Cierta vez, pasando unos días en Viña del Mar, me encontré con un antiguo amigo, que, sin hacer caso de evasivas y firmes negativas, logró convencerme por cansancio. Corría el año 1972, aquel de ilusiones y expectativas, cuando asistí por primera y última vez al mentado Festival.
La gente iba instalándose con mucho ruido y crujidera de envases con golosinas para matar el hambre por venir, pero a medida que iba pasando el tiempo, comenzaba a aburrirse.
Ese año estuvieron de moda los sombreros de paja para hombres y mujeres, exhibidos en los infaltables puestos callejeros. Al primer tipo se le ocurrió la idea. Cogiendo el sombrerito con que se adornaba el sentado en la grada más abajo, lo lanzó con gran impulso hacia el cielo nocturno. Gran gritadera, todos querían cogerlo, el que lo agarraba volvía a elevarlo cada vez más rápido hasta terminar desintegrándolo. A continuación, todos los ensombrerados recibieron la misma atención deportiva. Volaban los proyectiles de paja por toda la galería hasta que se acabaron y los sufridos destocados, primero sorprendidos, después indignados, vieron caer los restos como polillas desmayadas y terminaron por sucumbir a la resignación ante el frenesí de la masa.
Pasaron raudos unos segundos de pausa, hasta que un gracioso avistó a una niña que miraba con ojos divertidos el espectáculo previo, abrazada a una gran muñeca vestida de celeste. Con rápido gesto, arrebató el juguete a la chica y al aire voló en medio de la euforia del público. La afectada rompió a llorar pidiendo auxilio a sus padres, pero nada podían hacer mientras la favorita volaba de mano en mano hasta terminar despresada, su cabeza de melena de oro era ya una pelota y torso, brazos y piernas se usaban como armas arrojadizas. Justo cuando la multitud buscaba afanosamente a la próxima víctima, temí que le llegara el último día de vida a un bebé que tenía cerca, cuya madre, asustada con buenas razones, lo tapó con un chal por si las moscas. Se salvó por un pelo o mas bien por un trompetazo que fue el anuncio, no del juicio final que podría haberse acercado, sino del comienzo del espectáculo.

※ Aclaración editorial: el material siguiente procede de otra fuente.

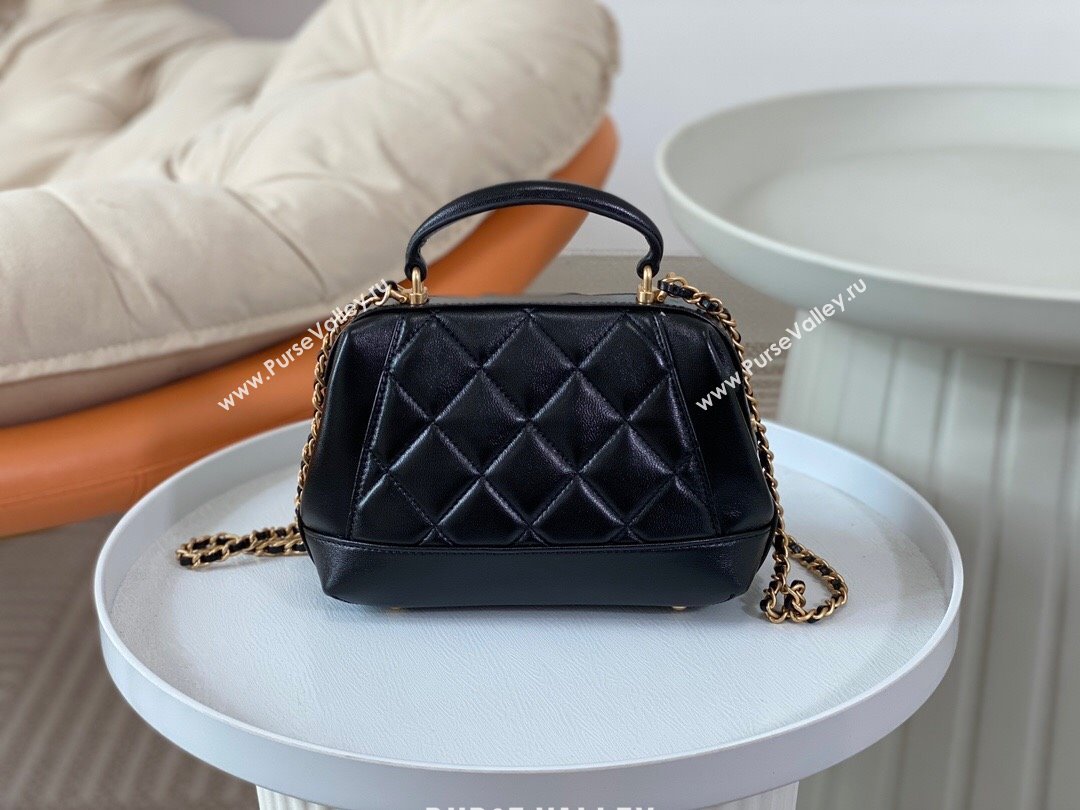 Chanel Shiny Lambskin Mini Bag with Top Handle Bag AS4958 Black 2024 (SM-24072425)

En ese momento, me preparé para lo peor, el monstruo se lanzó con toda su batería de chillidos al aparecer uno de los primeros concursantes. El cantante se presentó en forma natural, sin brillo de lentejuelas ni dientes de caimán. Comenzó una prometedora melodía en las cuerdas y se puso a cantar una hermosa canción. Quizá fue porque su voz era de tono alto, o él era muy bajo o escaso de colorinches, pero no lo dejaron seguir y no pude escuchar nada del resto que mucho prometía.
Me dio rabia presenciar la brutalidad de esa gente y me dieron ganas de irme, pero habría sido descortés con quien me invitaba, por lo que seguí pegada al asiento por indecisa.
Una de las invitadas especiales fue Miriam Makeba, en extremo popular por esos días por su célebre Pata pata…
Simpatizando con el pueblo, gritó: “Vive la révolution chilienne” pero esa gente recibió el homenaje como picada de avispa y lanzó una tremenda rechifla que acalló las protestas de algunos, En respuesta, la cantante le volvió la espalda y respondió a ritmo de caderas. A duras penas logró terminar su actuación, abreviada por los vándalos.
Al final, triunfó en la competencia un moreno alto, no muy memorable de cara pero de buena percha forrada en lentejuelas, mostrando una dentadura de caimán y experto en tragarse al público con su canción Julie. Era Julio Bernardo Euson y tuvo éxito en el país después de esa presentación.
Pero nunca quise repetirme ese encuentro cercano con la muchedumbre endiosada, bárbara y sedienta de diversión a cualquier costa, esperando ver brotar la sangre de otros y responder luego a coro ante la rendición de cuentas: “¡Fuenteovejuna, señor!”.